In an example where each data object refers to a single file, this
is a matter of performing the one-to-one unlink between those
records. In a more general example as discussed above, this step is
more complicated because data objects are linked to file groups and
not directly to metadata records, such that there may not be a
one-to-one relationship between metadata records and data objects.
Thus, when (the metadata record of) a file A belonging to a file
group 1 is expired, this does not immediately indicate that the
link to file group 1 on the corresponding data object can be
removed. Indeed it is conceivable that within file group 1, a
second file called file B exists which has the same fingerprint as
at least one fingerprint of file A and hence refers to the same
data object on the content store as file A. In such a case, the
link to file group 1 on said data object must not be removed. As a
general rule, the metabase is allowed to unlink a certain data
object from a file group if and only if all metadata records,
within the file group, that refer to that same data object are
marked as expired. Once this condition is met, such that the file
group has no more references to the considered data object can the
link effectively be removed.
[0070] Once the data objects have been updated as required, the
expired metadata records can safely be removed from the metabase at
step S6-5. In one example, this removal can be completed
immediately. In another example, the expired records may be kept in
the metabase for a further period of time. This may serve the
purpose of allowing a history to be kept or allowing tracking, in
this example, removal may take place after a predetermined further
time has elapsed.
[0071] In step S6-3, the content store processes the unlink actions
requested by the metabase. The unlink data object actions are all
placed in the content store queue and are processed in the order in
which they entered the queue. Each unlink action removes a file
group from the list of file groups attached to a data object. As a
result, the data object is no longer part of the file group.
[0072] In a particular case, the unlink action may remove the last
file group link from a data object. This is an indication that the
data object is no longer needed by any file group and can therefore
be deleted, unless the action queue still contains a link request
from a client for this particular data object. If such action were
to exist, data loss could occur if the data object were to be
removed immediately. The process to avoid such data loss is shown
in more detail in FIG. 7. Therefore, in the present example, the
data object is not removed immediately but instead an action to
remove the data object is added to the content store queue at step
S7-1. At the same time, the content store makes the data object
inaccessible or otherwise hides the existence of the data object at
step S7-3. The first-in-first-out operation of the content store
queue thus ensures that any action which adds a link to the
considered data object will already have been processed by the time
the remove action is ready to be processed. Moreover, no new link
requests for the data object will have been added to the queue as
the data object has been unavailable since the remove action was
added to the queue. Indeed, when a backup client requests the store
to add a link to this data object, the content store will respond
that it does not hold the data object yet, and the client is then
forced to request the content store to create a new data
object.
[0073] Thus, when the content store is ready to process the remove
action, any action that adds a link to the data object is already
processed and no new such actions are pending in the queue.
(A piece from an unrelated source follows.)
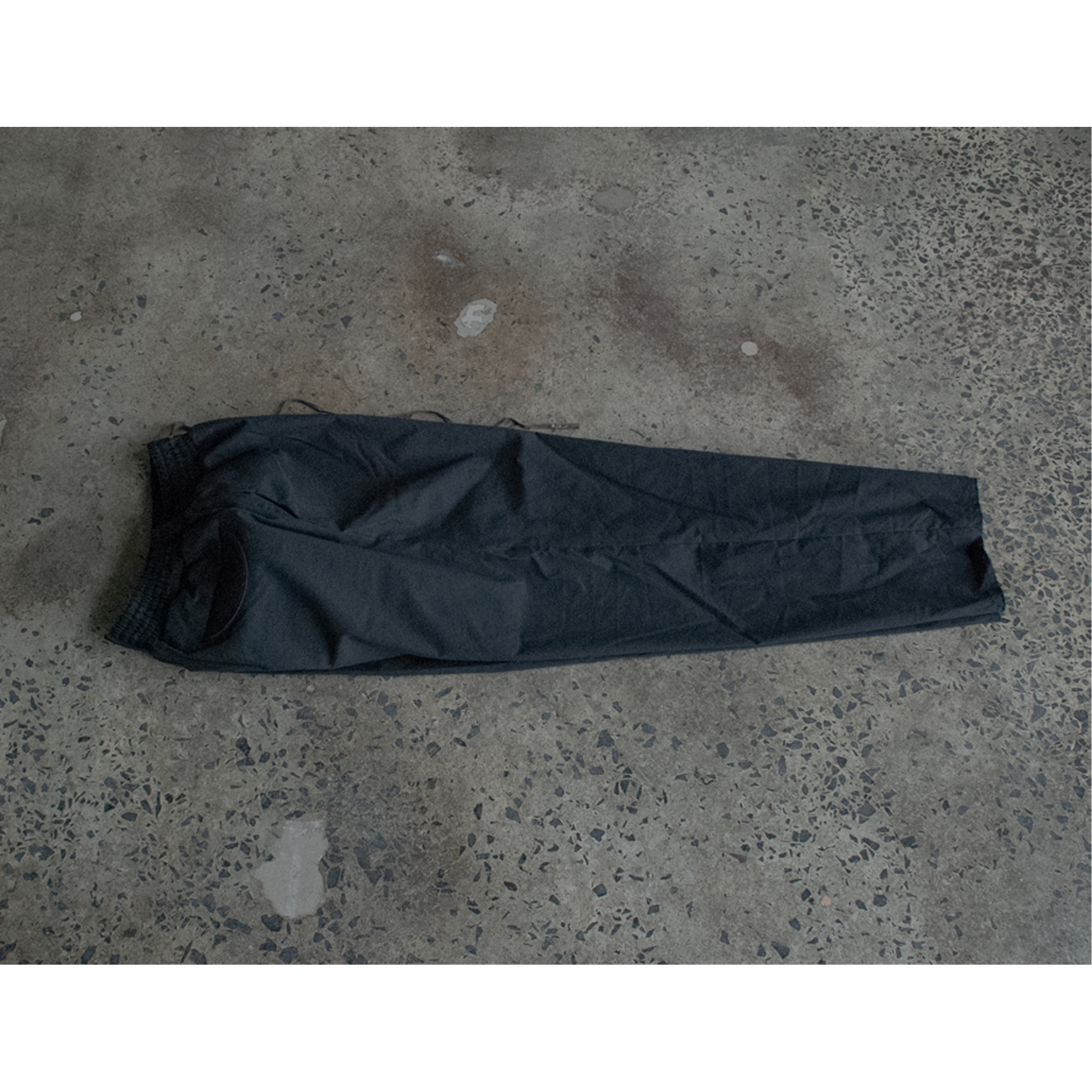 4b Drawstring Flap Trouser-7 copy.png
Consequently, before processing the remove action, the content
store verifies at step S7-5 whether any link has been added to the
data object. If yes, the remove action is cancelled at step S7-7
(since the data object is still in use), otherwise the remove
action is processed at step S7-9.
[0074] When processing a data object remove action (as in step
S7-9), the content store removes the data object. When a data
object is removed, the links from that data object's segments to
the data object are no longer necessary and can be removed at step
S7-11. Hence, for each of these segments, the content store adds an
unlink action to its queue. These actions are added to the queue
(as opposed to being executed immediately) to allow any action
already scheduled for one of the involved segments to be processed
first. When such unlink action is processed, the segment is no
longer linked to the data object.
[0075] Similarly to the data object unlink actions, there are cases
where a segment unlink action may remove the last data object link
from a segment. This is an indication that the segment is no longer
needed by any data object and can be deleted, unless the action
queue were still to contain a link request from a client for this
particular segment. If such action were to exist, removing the
segment immediately would result in data loss. The presence of the
link action would mean in fact that a client intended to backup the
segment, but was told by the content store that the segment already
exists, such that a link action was placed in the queue instead.
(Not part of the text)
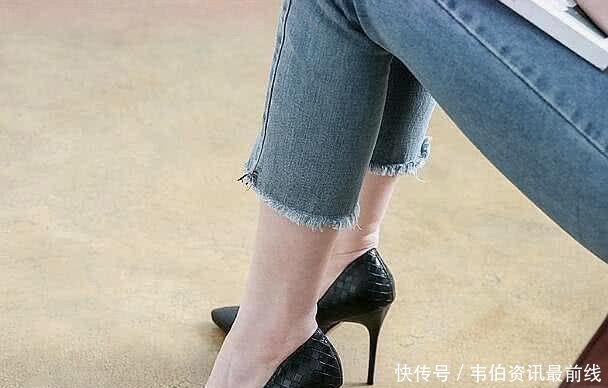 小姐姐的高跟鞋看似很小巧, 但是踢人能把人踢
Once this action is in the queue, the client trusts that the
segment is effectively stored and preserved. Hence, returning to
the earlier statement, removing a segment immediately after
removing the last link on that segment could result in data loss.
The process to avoid such data loss is detailed in FIG. 8.
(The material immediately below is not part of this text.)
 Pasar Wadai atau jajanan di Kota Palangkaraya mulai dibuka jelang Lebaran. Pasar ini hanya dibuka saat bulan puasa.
Therefore, the segment is not removed immediately, but instead a
segment removal action is added to the content store queue at step
S8-1, and the content store hides the segment to the outside world
(in fact, to the backup clients) at step S8-3. When this segment
removal action reaches the end of the queue and is ready to be
processed, any other action involving this segment that was in the
queue has been processed, and no new actions for this segment can
have been added to the queue. Thus, when the content store is ready
to process the segment removal action, it verifies whether any link
has been added to the segment at steps S8-5. If yes, then the
removal action is cancelled at step S8-7 as the segment is still
needed, otherwise the removal action is processed at step S8-9.
[0076] As will be noted from the above description of the removal
process, a data object which is removed from a file group is not
actually deleted from the content store unless it is no longer
referenced by any file group. Likewise, a stored segment is not
actually deleted from the content store unless it is no longer
linked to any data object. This is a result of the fact that the
content store uses single instancing to maintain an efficient store
size.
[0077] Thus a backup system which implements single instance
storage of file segments to achieve an efficient storage space
utilisation can be configured to allow deletion of files and
segments according to a data retention scheme without a danger of
data loss caused by delete and write instructions overlapping in
time.
[0078] Many alterations, modifications and additions and their
equivalents to the described examples will be apparent to the
skilled reader of this specification and may be implemented without
departing from the spirit and scope of the present invention.
* * * * *